Exercise prompt:
Copy each line of the data below exactly, leaving out pictures.

Brief descriptive captions:
========
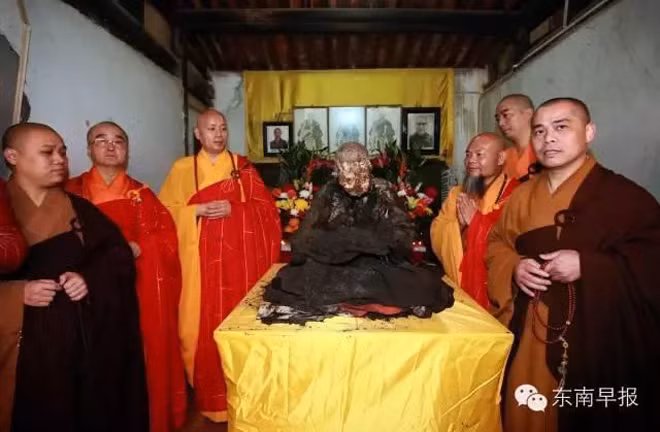 Thường ngày, nhà sư Phúc Hậu rất ít nói và hiếm khi tiếp xúc với thế giới bên ngoài.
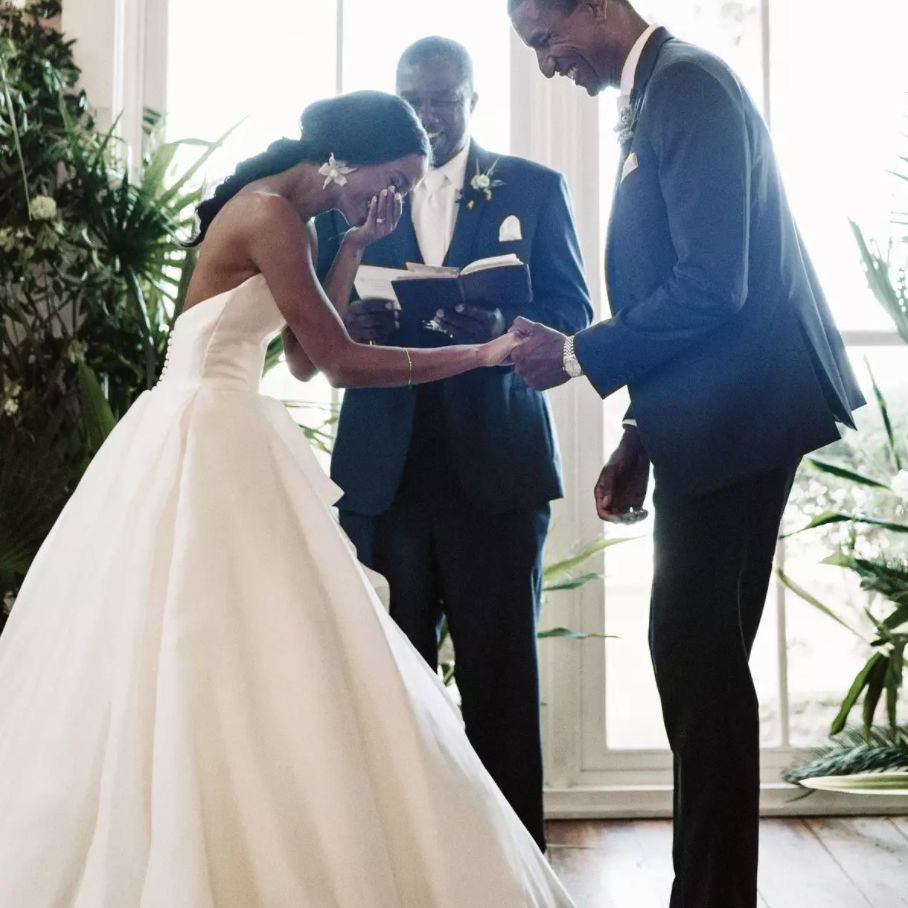 新婚夫妇交换誓言时笑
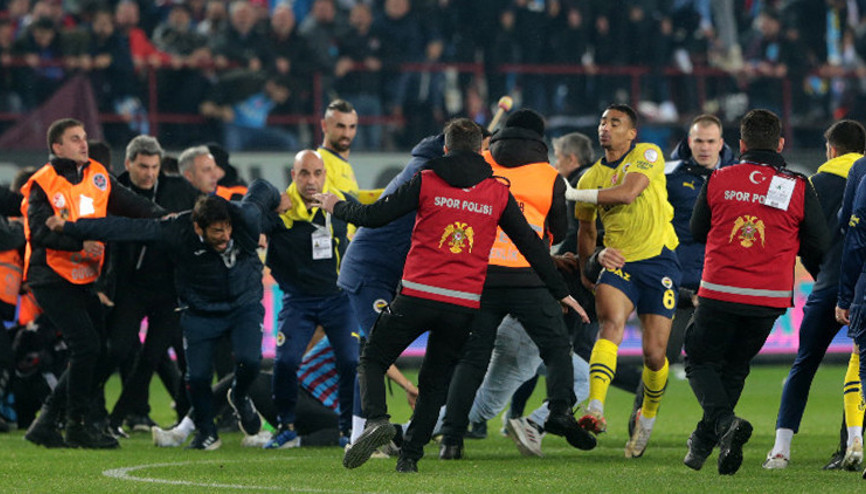 İrfan Can Eğribayattan Trabzonsporlu Egemen Korkmaza tepki: Ekmek yediğin yere ihanet etmek budur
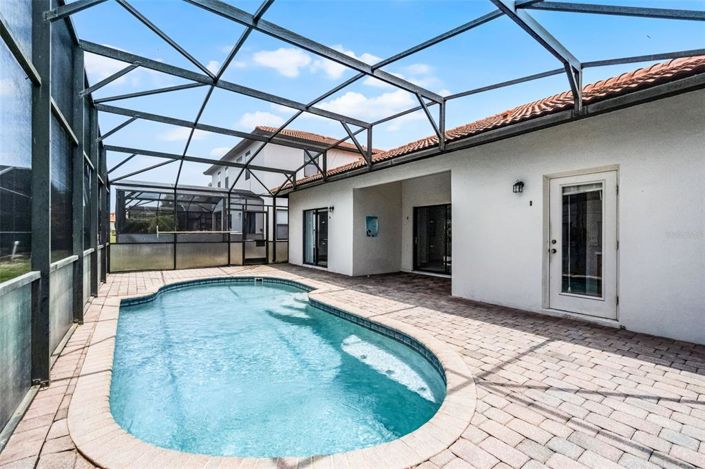 Image No.31-4 Bed House for sale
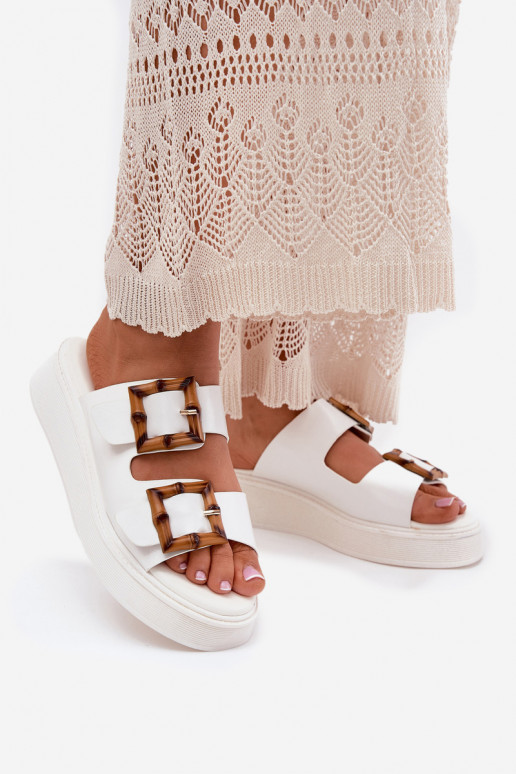 Eko Šlepetės  su platforma su sagtimis baltos spalvos Xanivia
========
Answer to this problem:
 Thường ngày, nhà sư Phúc Hậu rất ít nói và hiếm khi tiếp xúc với thế giới bên ngoài.
 新婚夫妇交换誓言时笑
 İrfan Can Eğribayattan Trabzonsporlu Egemen Korkmaza tepki: Ekmek yediğin yere ihanet etmek budur
 Image No.31-4 Bed House for sale
 Eko Šlepetės  su platforma su sagtimis baltos spalvos Xanivia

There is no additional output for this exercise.